P188 Single-cell RNA and T-cell receptor sequencing reveals novel regulatory mechanisms of CD8+ memory T-cell formation and identifies a marker of response to checkpoint inhibitor therapy in melanoma
Goran MicevicAbstract
Melanoma is the deadliest form of skin cancer, with 104 960 new cases and 8430 deaths estimated for 2025 in the USA. Despite significant progress with immune checkpoint inhibitors (ICIs) targeting programmed death (PD)-1 and cytotoxic T-lymphocyte-associated protein (CTLA)-4, many patients with advanced melanoma do not have a durable response to ICIs and are at high risk for recurrence and death. Lack of a durable response is linked to failure of T-cell memory formation.
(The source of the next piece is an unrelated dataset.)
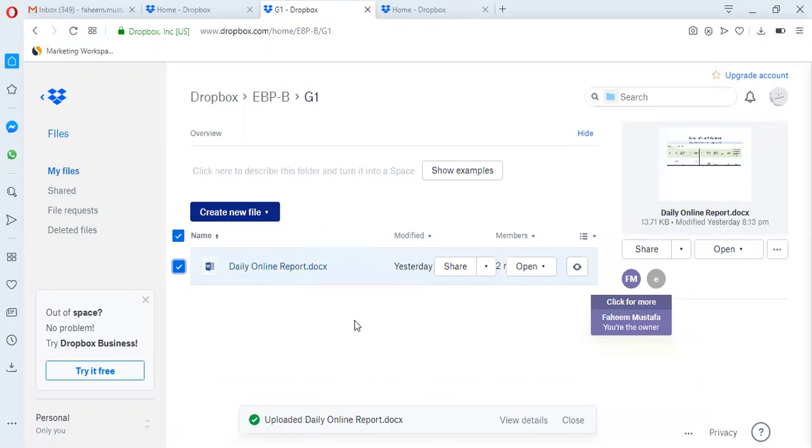In this way you can upload your assignment in Dropbox. If you have any questions, ask me either through email or in the comment section. Thanks for watching, see you in the next video.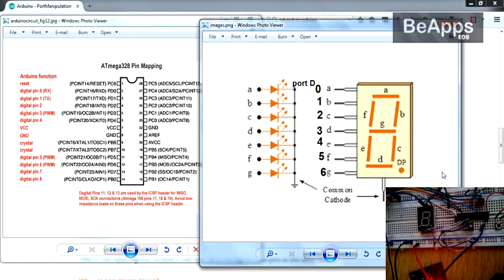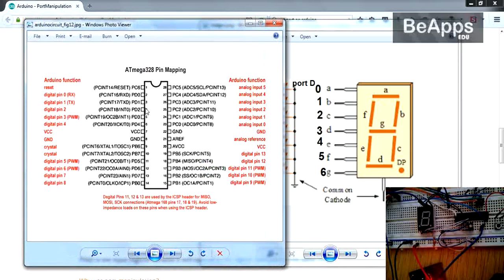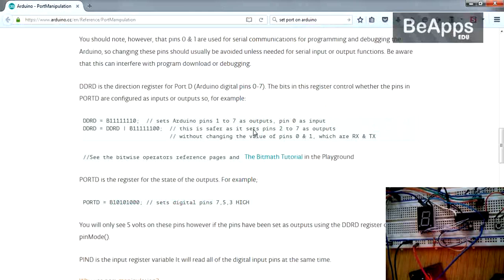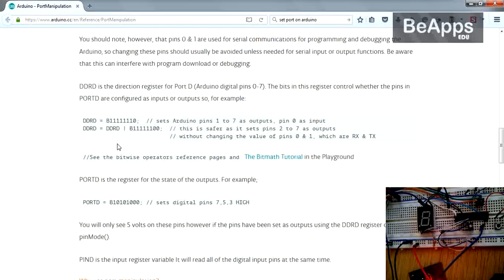This is a segment connected to the computer. The computer is connected to the computer. The cable is connected to the computer. What we predict is how to play the computer — this course.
However, firstly, our understanding of memory T-cell formation during ICI therapy is limited, and secondly there are currently no markers to identify patients predisposed to impaired memory T-cell formation and poor response to ICIs. Here, we use a Braf V600E-driven mouse model of melanoma, and patient samples to characterize the single-cell transcriptional and TCR profiles. The analyses were designed to identify CD8+ T-cell clonal expansion with distinct transcriptomic and epigenetic signatures associated with response to CTLA-4 and PD-1 blockade in vivo. In patients responding to therapy, we found expansion of a dominant tumour-specific CD8+ T clone in the tumour microenvironment and lymph nodes. In addition to interleukin-7 receptor (IL-7R) pathway activation, samples from responders showed upregulated cytotoxic and natural killer cell-like properties, expression of killer cell lectin receptor family members, and interferon-induced transmembrane proteins in CD8+ T cells. In contrast, nonresponders exhibited polyclonal exhausted CD8+ populations (P < 0.005). Increasing IL-7R reduced exhaustion and increased response to therapy. IL-7R hypomethylation was associated with longer overall survival (P < 0.001) and is an epigenetic marker of therapy response associated with a fourfold prolongation (P < 0.05) of response and differentiates between responders and nonresponders (hazard ratio 3.1). We confirmed our findings in a separate cohort of patients with melanoma. These analyses uncovered an IL-7R-dependent regulatory network that orchestrates multiple transcriptional programmes. The network contributes to response to ICI therapy in melanoma and highlights a marker that may be clinically useful to identify nonresponders to ICIs.